### Problem
Here is the task for the records below: repeat exactly the lines from the one with "Ana Paula Evangelista" to the one with "Combo Vụng trộm", both included, and nothing else.

### Exercise data

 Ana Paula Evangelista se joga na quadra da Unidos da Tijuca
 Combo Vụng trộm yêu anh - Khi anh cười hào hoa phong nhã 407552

---

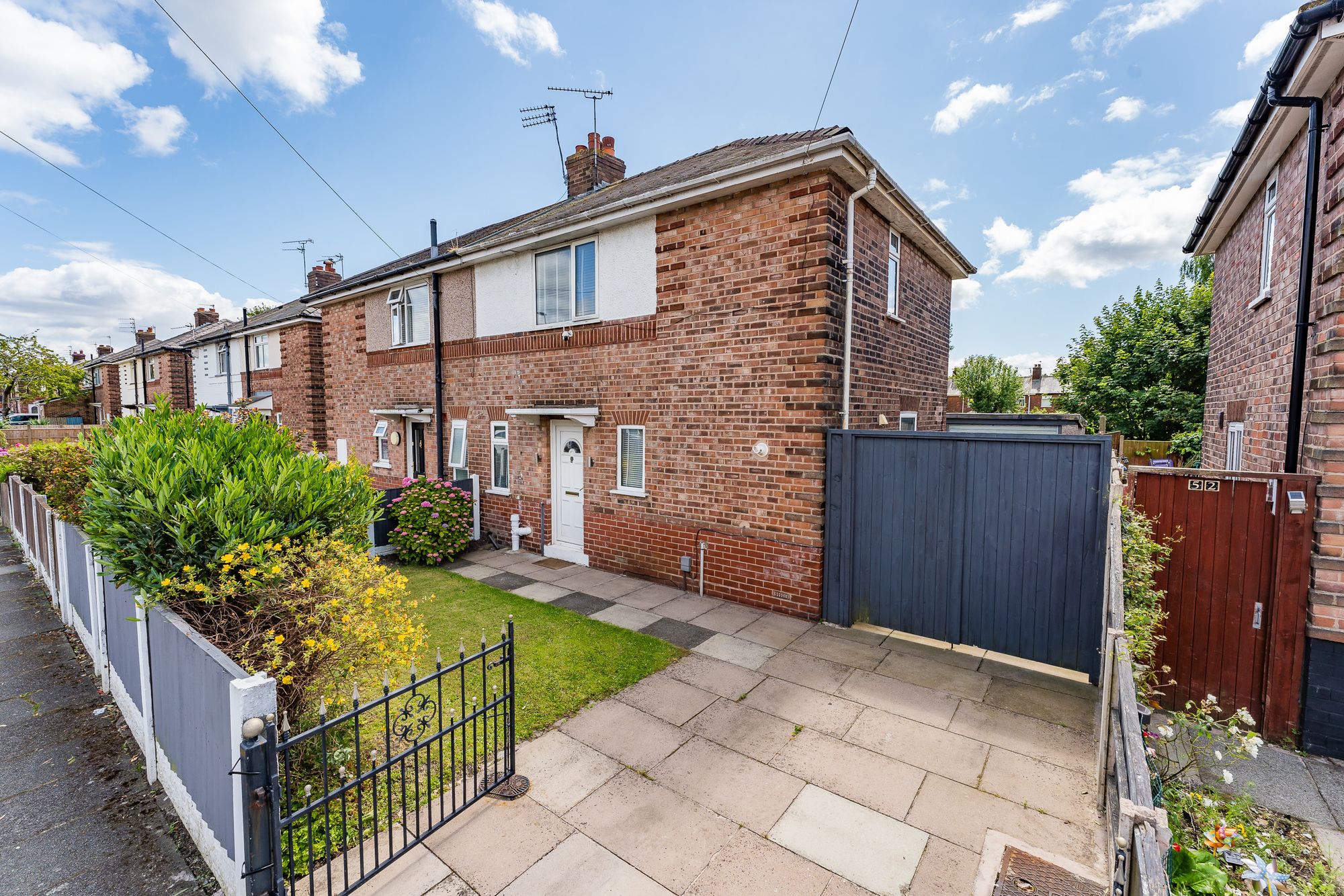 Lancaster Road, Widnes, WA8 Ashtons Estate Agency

### Exercise solution
 Ana Paula Evangelista se joga na quadra da Unidos da Tijuca
 Combo Vụng trộm yêu anh - Khi anh cười hào hoa phong nhã 407552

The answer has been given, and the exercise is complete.